Ryan ALM, Inc using the actuarial output from the SFA candidate’s actuarial firm we will create a Custom Liability Index (CLI) that becomes the plan’s roadmap for their pension liabilities… the portfolio’s index benchmark!
We then produce a cost-optimized cash flow matching portfolio (Liability Beta Portfolio™ or LBP) that will maximize the SFA assets while securing the promised benefits at the lowest cost to the plan.
Note: Importantly, bond math drives the cost optimization model. The longer the maturity and the higher the yield… the lower the cost. The longest maturity in the LBP will not exceed the longest benefit payment that is cash flow matched.
Based on the CLI data, Ryan ALM will build an LBP or CDI portfolio by overweighting longer maturity, higher yielding investment-grade bonds (skewed to A/BBB+) within the constraints of the cash flow limitations. For instance, if the SFA can secure 8-years of benefits based on the output from the CLI, the longest maturity in our portfolio will be 8-years. If we can go out 11-years, then we cap the longest maturity bond at 11 years.
The LBP will be carefully crafted to match the fund’s cash flow needs chronologically from the next benefit payments as far out as the SFA allocation will support. The portfolio will be 100% corporate investment-grade bonds with a heavy emphasis on A/BBB+ rated bonds (higher yields produce cost savings).
Once the LBP has been constructed, the plan’s assets and liabilities will move in lockstep. It does not matter the direction of interest rates as the cash flows are matching future values which are not interest-rate sensitive. This is the significant advantage of using a CDI approach instead of a total return-oriented bond product.

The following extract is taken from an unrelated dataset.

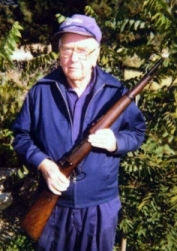 Ken Hallock van Noord Idaho, VSA met die Henning geweer uit die ABO, wat hy op 'n Internet veiling gekoop het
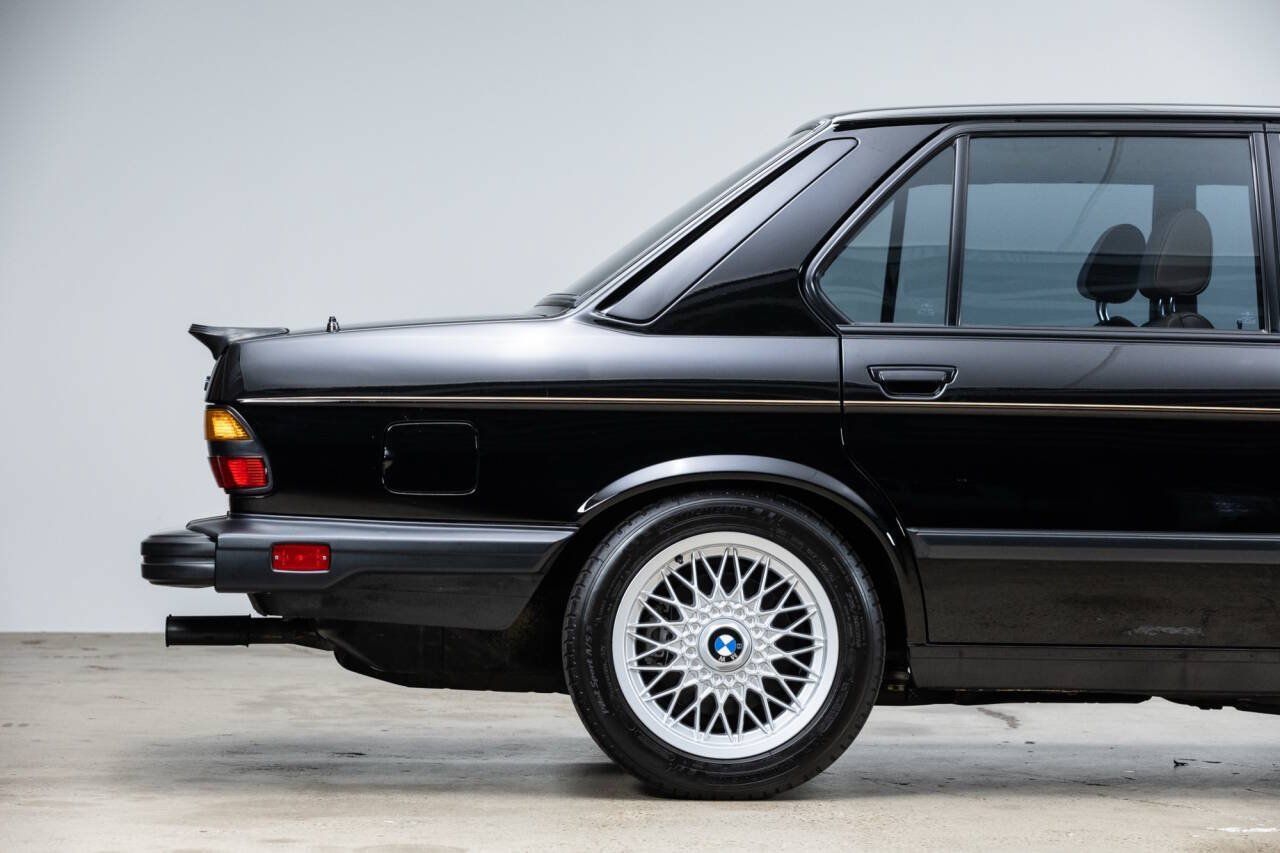 Used 1988 BMW M5 RWD image 10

Why one shouldn’t use a total return-oriented bond program:
Bonds are interest-rate sensitive. The longer the maturity the greater the interest rate risk. Bond prices fall when interest rates rise. After a 39-year bull market for bonds and historically low-interest rates, it is highly likely that US interest rates rise from current levels especially given current inflation trends and Fed monetary policy. If the SFA assets are managed against a generic bond index and rates continue to rise, there is a serious mismatch of asset cash flows versus the liability cash flows. It is likely that some of the portfolio’s holdings will have to be liquidated each month to meet cash flow needs causing losses on the bonds and subjecting the portfolio to liquidity risk. Moreover, the popular bond index benchmarks (i.e. the Aggregate) are heavily skewed to low-yielding Treasury/Agency/AAA bonds with a high percentage in long maturity bonds. A total return focus certainly doesn’t fund and secure benefit payments in a cost-efficient manner.
Proper Fixed Income Strategy
Adopt a CDI approach that will secure the promised benefits chronologically in a cost-efficient manner. Avoid a total return focus of bonds managed to a generic bond index which will mismatch asset cash flows versus liability cash flows. Avoid taking losses for immediate liquidity needs. Using bonds here for SFA can eliminate the need for a bond allocation in the legacy assets that can now grow unencumbered to meet liabilities past the horizon that the SFA funds.